When we receive a report from a Discord user, the Trust & Safety team looks through the available evidence and gathers as much information as possible. This investigation is centered around the reported messages, but can expand if the evidence shows that there’s a bigger violation. For example, if the entire server is dedicated to bad behavior, or if the behavior appears to be part of a wider pattern.
We spend a lot of time in this process because we believe the context in which something is posted is important and can change the meaning entirely, like whether something’s said in jest between friends or is instead plain harassment. We might ask the reporting user for more information to help our investigation.

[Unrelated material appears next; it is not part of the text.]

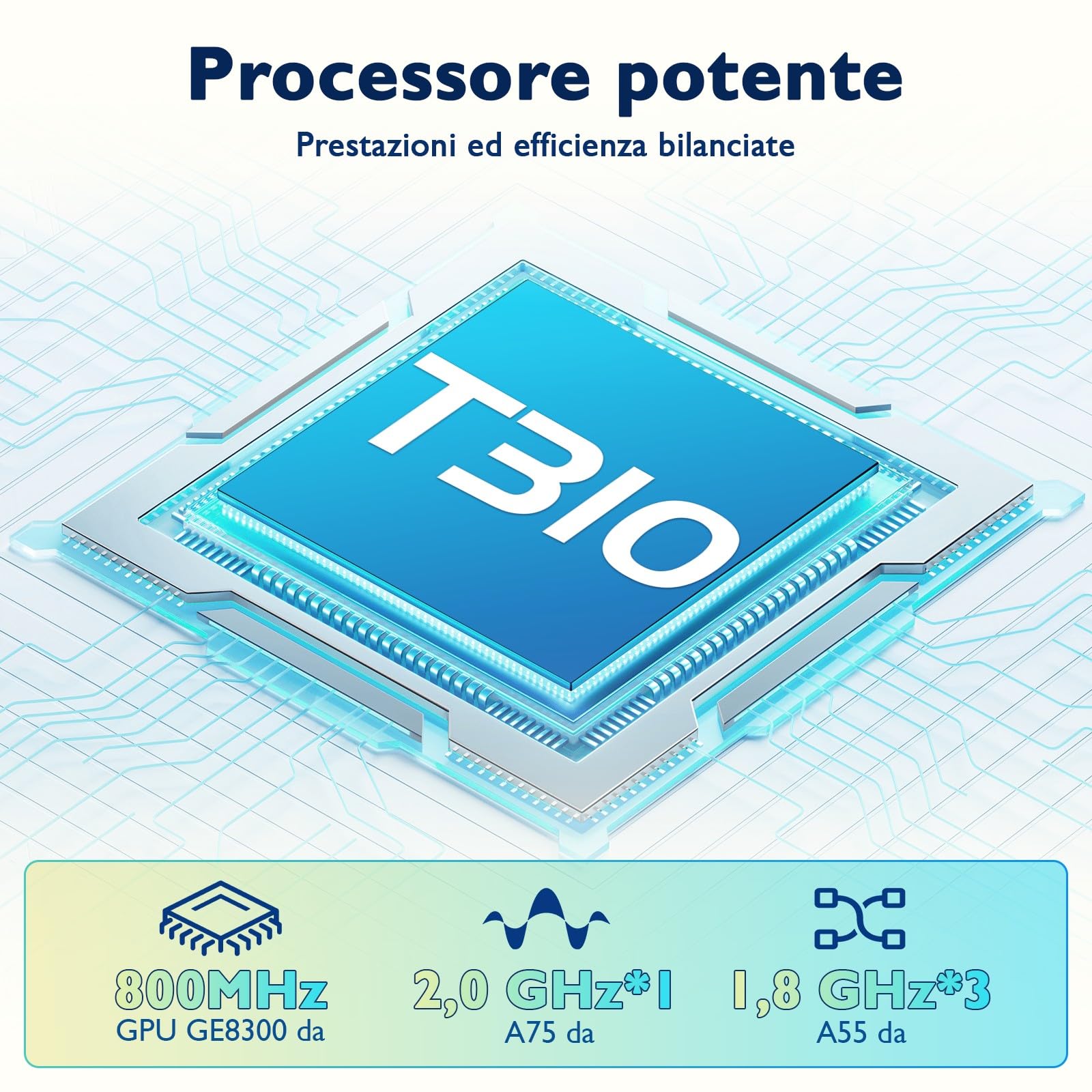 Rebecco Tablet 10 Pollici, Tablet Android 15 Gemini AI, 18GB RAM + 128GB ROM + 1TB TF, Octa-Core, Schermo Touch IPS HD 1280x800, Batteria 6000mAh, Widevine L1, WiFi 5G & BT 5.0, Doppia Fotocamera Z50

Responding to user reports is an important part of Trust & Safety’s work, but we know there is also violating content on Discord that might go unreported. This is where we get proactive. Our goal is to stop bad actors and their activity before anyone else encounters it. We prioritize getting rid of the worst-of-the-worst content because it has absolutely no place on Discord, and because the risk of harm is high. We focus our efforts on exploitative content, in particular non-consensual pornography and sexual content related to minors, as well as violent extremism.
Please note: we don’t proactively read the contents of users’ private messages — privacy is incredibly important to us and we try to balance it thoughtfully with our duty to prevent harm. However, we scan 100% of images and videos uploaded to our platform using industry-standard PhotoDNA to detect matches to known child sexual abuse material. When we find someone who is engaging in illegal activity, we investigate their networks and their activity on Discord to proactively uncover accomplices or other sources of the content.